▶ **AIM OF THE TASK**:
Copy each line of the listing below exactly and drop the images.

▶ **SUPPLIED INFORMATION**:
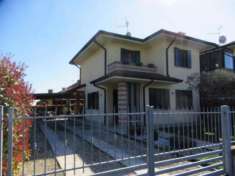 Foto Immobile in asta di 131 m in vendita a Megliadino San Vitale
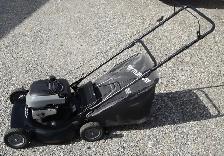 MURRAY REAR BAG GAS LAWN MOWER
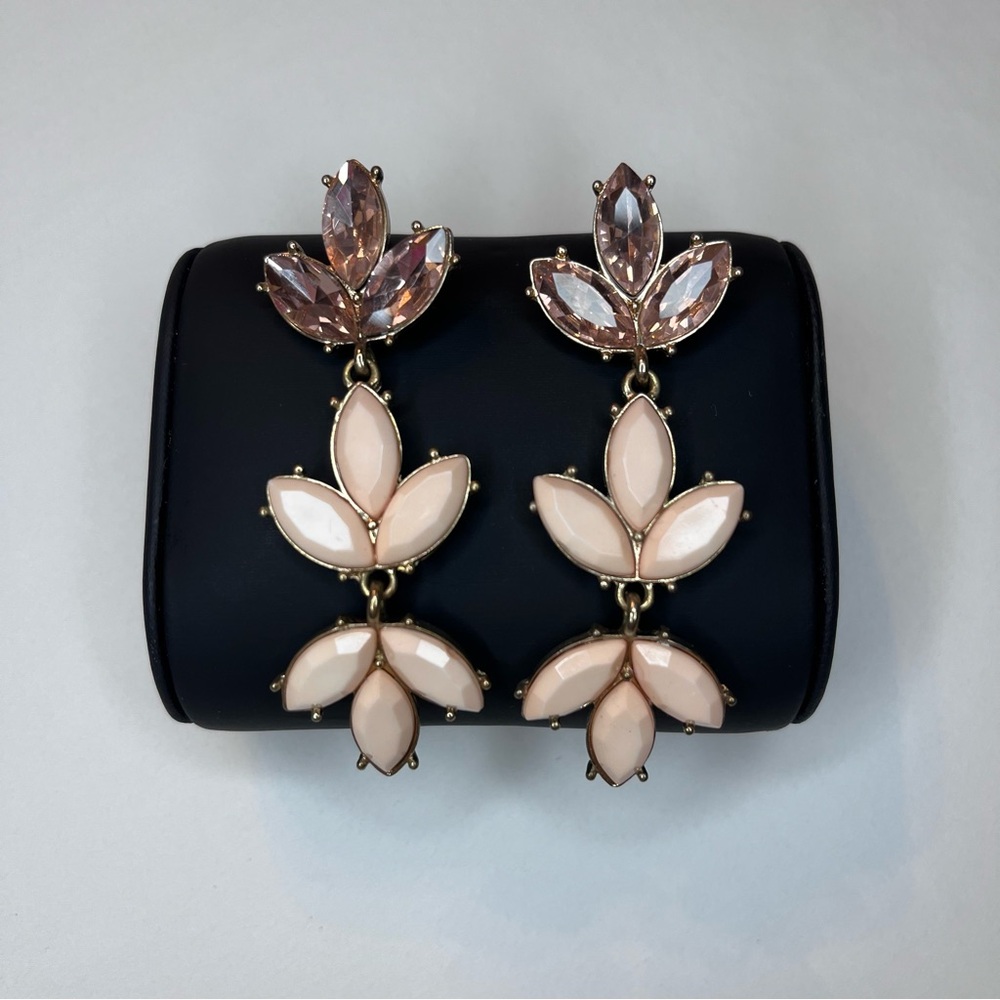 Boutique Pink Marquise Flower Dangle Drop Earrings Gold Fashion Costume Jewelry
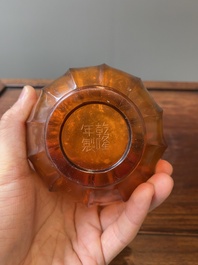 Rare vase de forme bouteille en verre de P&eacute;kin de couleur ambre translucide, Chine, marque et &eacute;poque de Qianlong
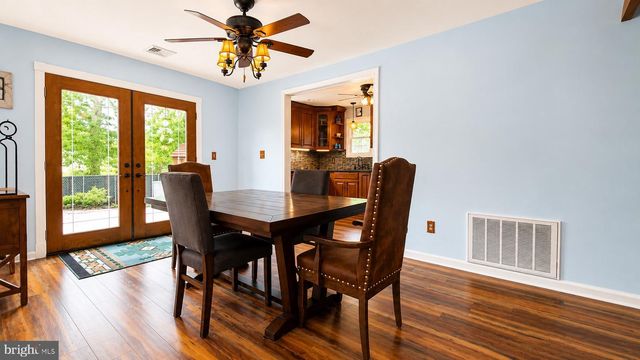 107 W BEACH RD, Williamstown, NJ 08094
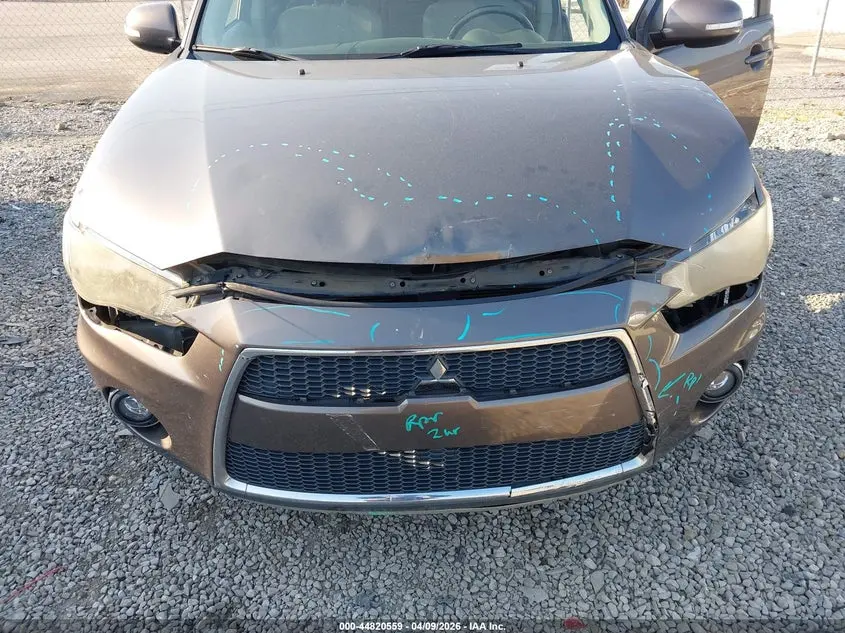 2011 MITSUBISHI OUTLANDER SE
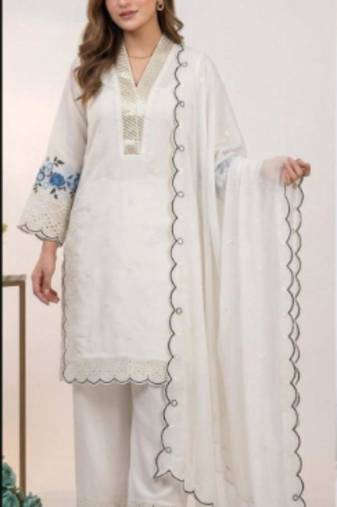 White chanderi embroidered kurta-sets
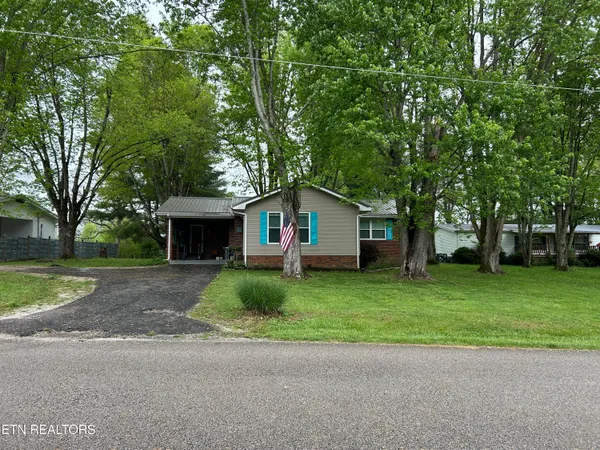 $184,900 | 131 Oak Hill Drive, Jamestown, TN 38556
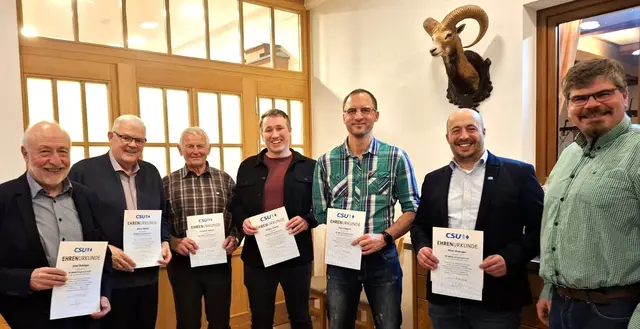 Ehrungen langjähriger Mitglieder beim Nordendorfer CSU – Ortsverband: (von links) Josef Bobinger, Anton Würfel, Friedrich Wetzel, Philipp Schmid, Sven Steppich, Peter Bobinger, Stefan Beck. | Foto: Peter Heider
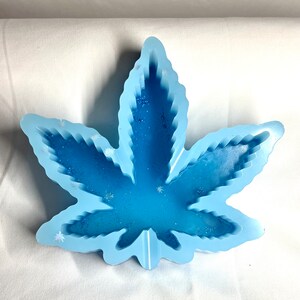 Pot Leaf Ashtray (light&dark blue)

▶ **REPLY**:
 Foto Immobile in asta di 131 m in vendita a Megliadino San Vitale
 MURRAY REAR BAG GAS LAWN MOWER
 Boutique Pink Marquise Flower Dangle Drop Earrings Gold Fashion Costume Jewelry
 Rare vase de forme bouteille en verre de P&eacute;kin de couleur ambre translucide, Chine, marque et &eacute;poque de Qianlong
 107 W BEACH RD, Williamstown, NJ 08094
 2011 MITSUBISHI OUTLANDER SE
 White chanderi embroidered kurta-sets
 $184,900 | 131 Oak Hill Drive, Jamestown, TN 38556
 Ehrungen langjähriger Mitglieder beim Nordendorfer CSU – Ortsverband: (von links) Josef Bobinger, Anton Würfel, Friedrich Wetzel, Philipp Schmid, Sven Steppich, Peter Bobinger, Stefan Beck. | Foto: Peter Heider
 Pot Leaf Ashtray (light&dark blue)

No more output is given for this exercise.